Sephora’s Brand Balancing Act

It is hard to overstate the degree to which Sephora has changed the game in cosmetics retail. One of physical retail’s few success stories in recent years, Sephora has an avid base of very loyal cosmetics shoppers built with the right combination of good in-store experience, large variety of goods, reasonable pricing and strong digital presence that a lot of other retail players currently find themselves struggling to emulate.

Sephora is so successful, in fact, that it has managed to pull struggling department store JCPenney up with its rising tide, as Sephora mini-stores have turned out to be a major draw.

But even Sephora, with its increasingly robust track record of success, is not without headaches and hassles.

Some are minor and kind of comical. Currently, the brand has found itself involved in tempest in a teakettle over its decision to stock the Urban Decay eye shadow shade “Druggie” — as apparently various activists find the choice of a bruise-purple color matched with that name is a bit insensitive.

That situation will likely blow over — probably just in time for a different brand to release a makeup color titled in even worse taste. Less likely to self-resolve — and perhaps an increasing difficulty for the growth-minded Sephora chain. Said simply, Sephora’s strength is that it stocks a lot of cosmetics—selection variety is a big part of the brand’s success story. But Sephora — or at least its parent company LVMH Moët Hennessy Louis Vuitton SE — is also increasingly competing with its suppliers with its own brand of cosmetics.

This creates no small difficulty for those brands looking to stocking space on Sephora’s shelves.

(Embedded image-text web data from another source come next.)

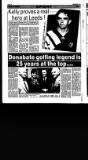Drogheda Independent Friday 31 December 1993 Page 34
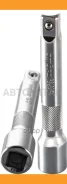 ���������� 1/2DR, 125 �� Universal 221205 ����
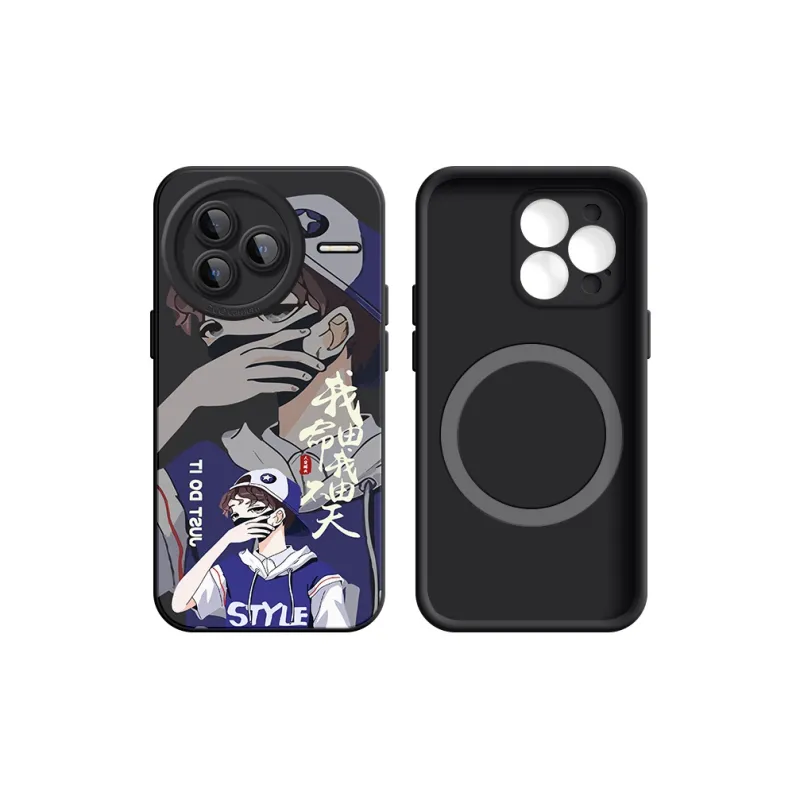 KEXINSHENG Phone Cases-25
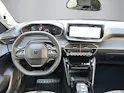 Peugeot 208 1.2 Hybrid Allure Premium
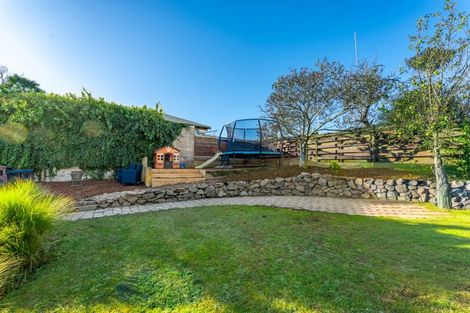 Photo of property in 44 Barnes Street, Glenwood, Timaru, 7910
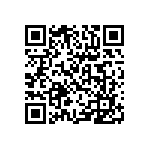 MAX3160EAP-TG51 QRCode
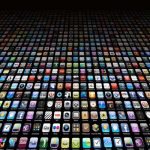 How to Get Started in Mobile Marketing – Future Proof Your Business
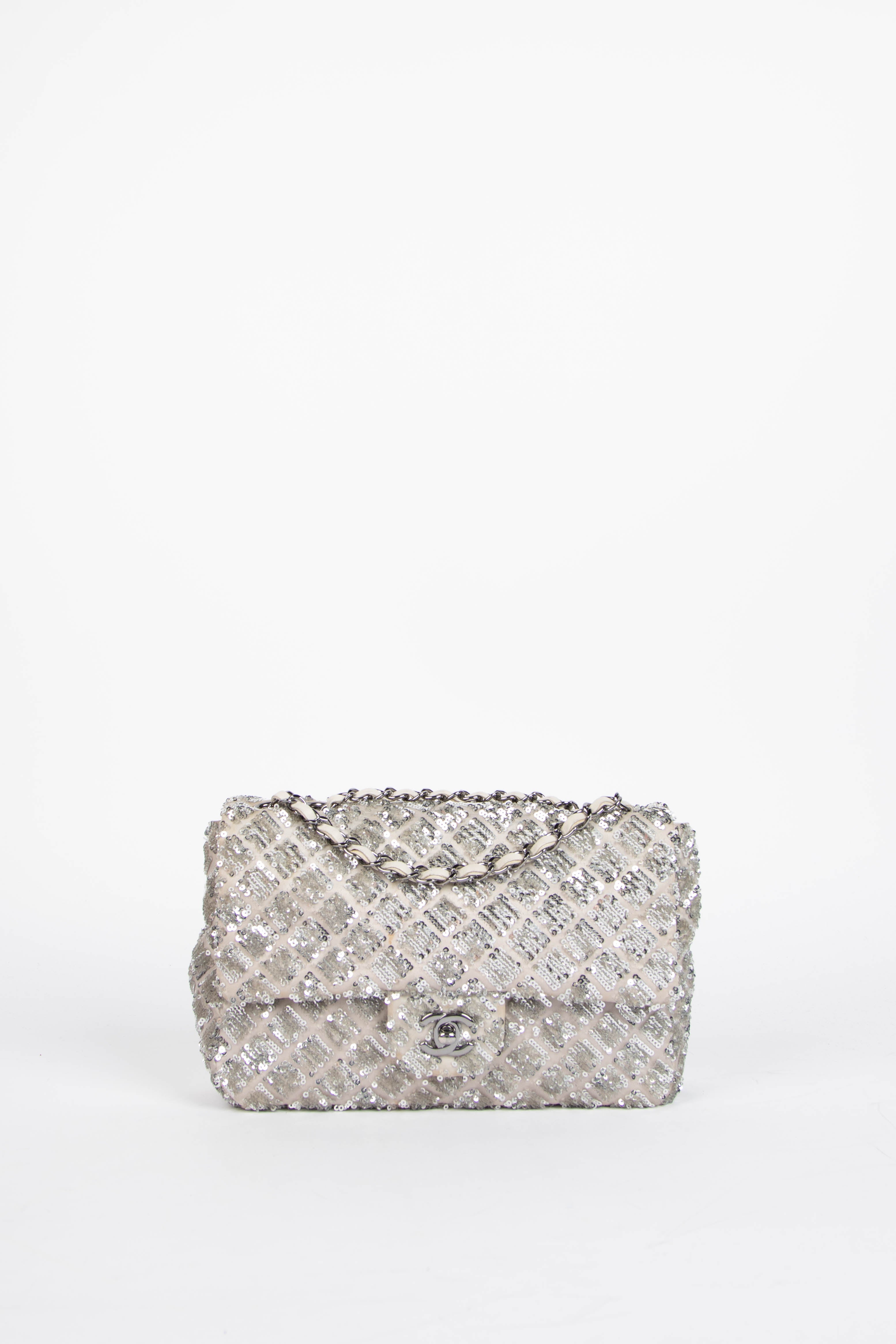 Authentic Vintage Designer Handbags | Break. Archive – Break Archive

“The pressure is there, and it’s growing. That’s why Estée Lauder is trying to retail its own products,” noted Ali Dibadj, an analyst at Bernstein Research.

So what happens next?

So Many Brands, Such Limited Shelf Space

According to reports, in an average Sephora store, LVMH’s beauty brands take up nearly half of the shelf space, despite the fact that the firm only makes 15 beauty brands (Sephora stores carry 200 brands on average).

Sephora maintains it does not show its own brands any special preference — according to merchandising executive Artemis Patrick, the selection is determined by buyer choice.

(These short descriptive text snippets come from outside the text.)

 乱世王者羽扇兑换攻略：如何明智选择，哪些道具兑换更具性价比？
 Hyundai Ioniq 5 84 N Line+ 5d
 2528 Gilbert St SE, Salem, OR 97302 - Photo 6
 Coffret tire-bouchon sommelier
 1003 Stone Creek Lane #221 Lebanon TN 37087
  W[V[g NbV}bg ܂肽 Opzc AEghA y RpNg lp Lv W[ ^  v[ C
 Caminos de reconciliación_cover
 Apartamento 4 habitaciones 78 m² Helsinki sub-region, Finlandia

“What our assortment includes is determined by the client based on what she buys and seeks out,” he said.

And high-end cosmetics peddlers also have something of a forced-hand situation, since there are 2,300 Sephora locations on earth and it is a very rapidly growing channel.

But to sell at Sephora, brands can pay more than 60 percent from each sale — which is more than they pay at department stores and specialty retailers (though department stores often build in costs differently). Brands also complain that negotiating with Sephora can be tough for smaller firms starting out since Sephora often requires exclusivity deals on certain product lines. One merchant that ended up with a hit product under an exclusivity deal complained that being on Sephora shelves drastically limited its ability to be on anyone else’s.

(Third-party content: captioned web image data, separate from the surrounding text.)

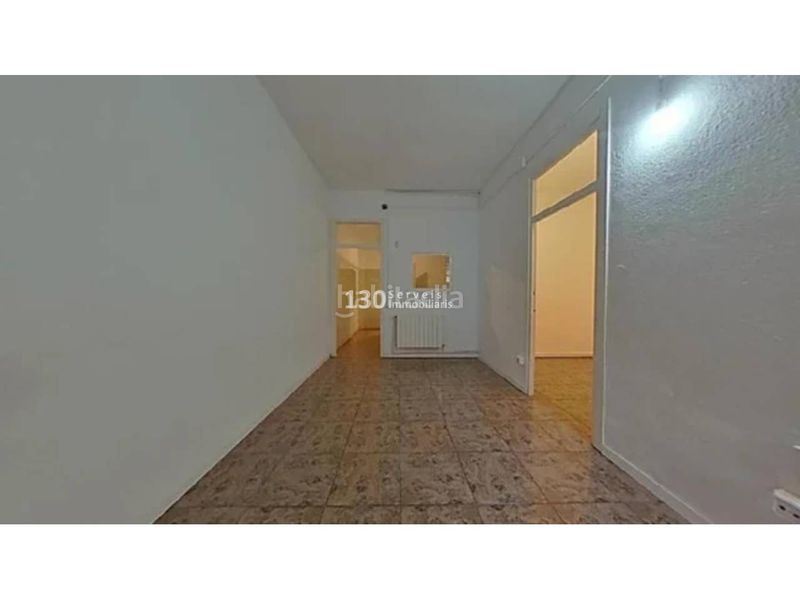 Foto 08fad688-17fb-42bb-8a78-d9a38cc78cc4. Pis a La Sagrera Barcelona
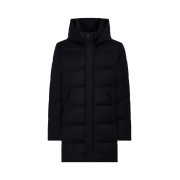 DUNO Jacket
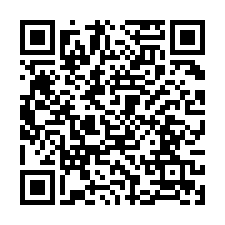 QR Code for bitcoin:bitcoin:bitcoin:bitcoin:bitcoin:3JKAnRWhDPPntvasiFWcbNFQsSn8sU9zYs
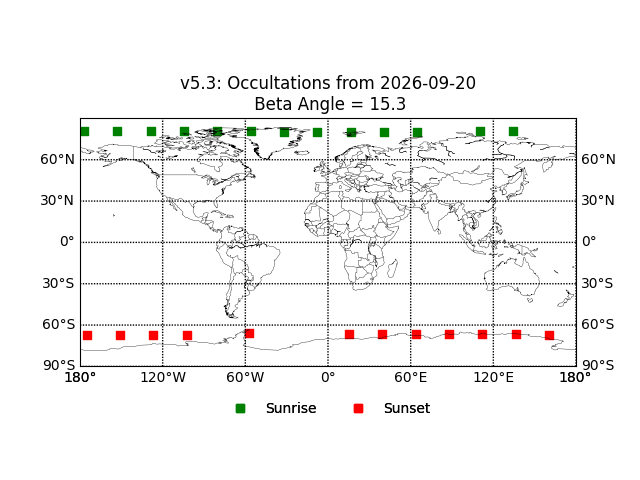 2026-09-20_locations-v5.3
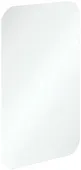 Villeroy & Boch More to See Lite Зеркало, с подсветкой, 600 x 1000 x 24 mm A4611000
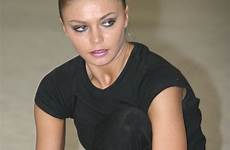 alina kabaeva pic kabajewa ru theplace2 celebs place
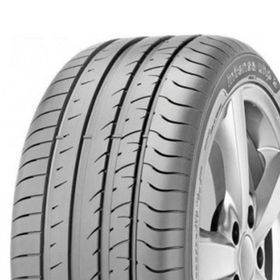 Sava 245/45 R18 100Y XL Intensa UHP 2 Yaz Lastiği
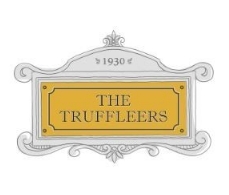 The Truffleers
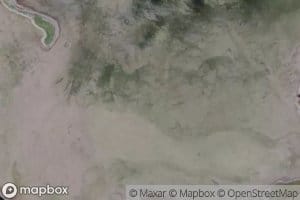 Galbmulaknjargagappi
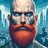 GingerBeard995
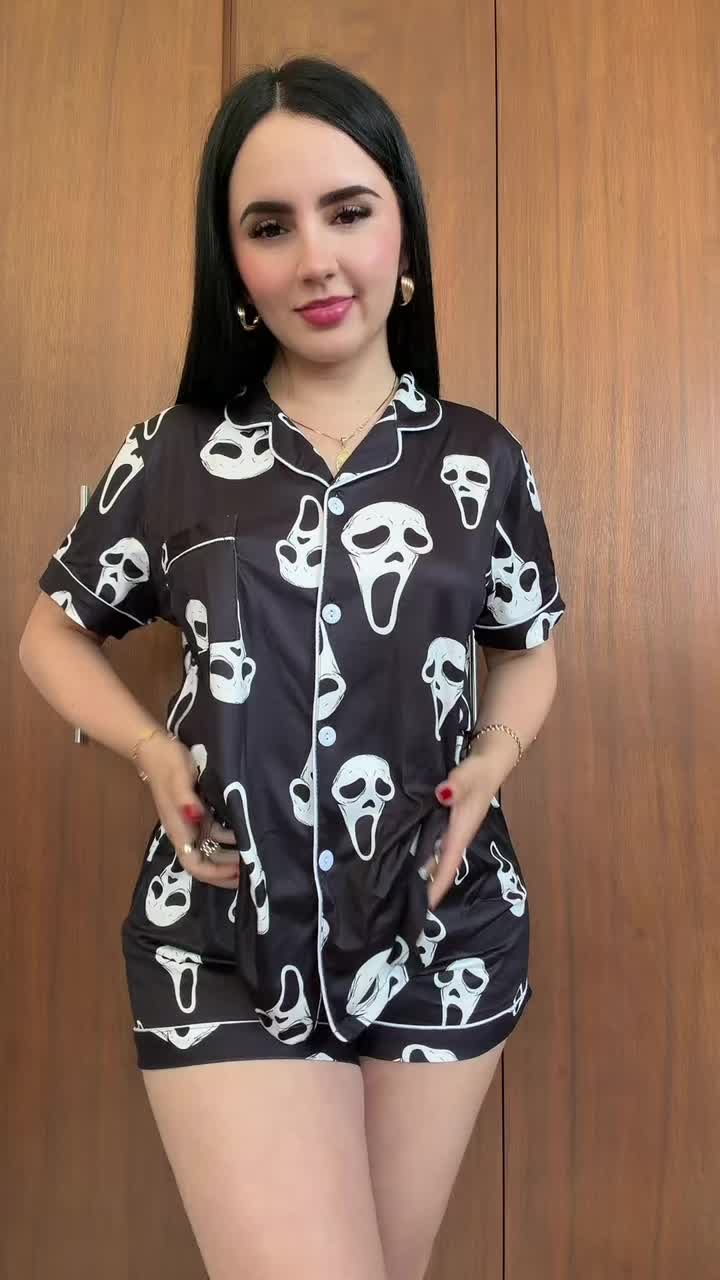 @Mariagna Martínez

“It caused a lot of problems because our other retailers were getting discouraged and weren’t willing to support our other products,” the merchant said.

Smaller and largely unknown brands mostly don’t have a choice but to negotiate with Sephora — but larger brands are pursuing other options.

Searching For Other Channels

Given that working with Sephora is high-cost — and getting more competitive by the shelf — brands like Estée Lauder are moving toward independent retail efforts like stand-alone stores for some of its lines as well as increasingly pushed digital channels for its goods.

Estée Lauder isn’t pulling out of Sephora either — it notes that it likes the relationship — it is just looking to “expand its relationship with its customers.”

“Sephora is a winning channel. They are doing a great job with consumers,” noted Estée Lauder CEO Fabrizio Freda.

But some retailers have backed out of their relationship with the big beauty brand more completely. Chanel, a long-term rival of LVMH, sells perfume but not cosmetics in the retailer’s U.S. stores and hasn’t for a decade. Frederic Fekkai bowed out of Sephora in favor of mass-market distribution a few years ago.

Meanwhile, other brands are seemingly resigned to working with Sephora — even if the terms are sub-ideal.

“As a matter of practice, I will never say a customer is heavy-handed,” noted Revlon CEO Garcia said. “But I will say they are assertive.”

Assertive — but undeniably successful. And likely to remain so as long as their shelf space remains a highly prized good.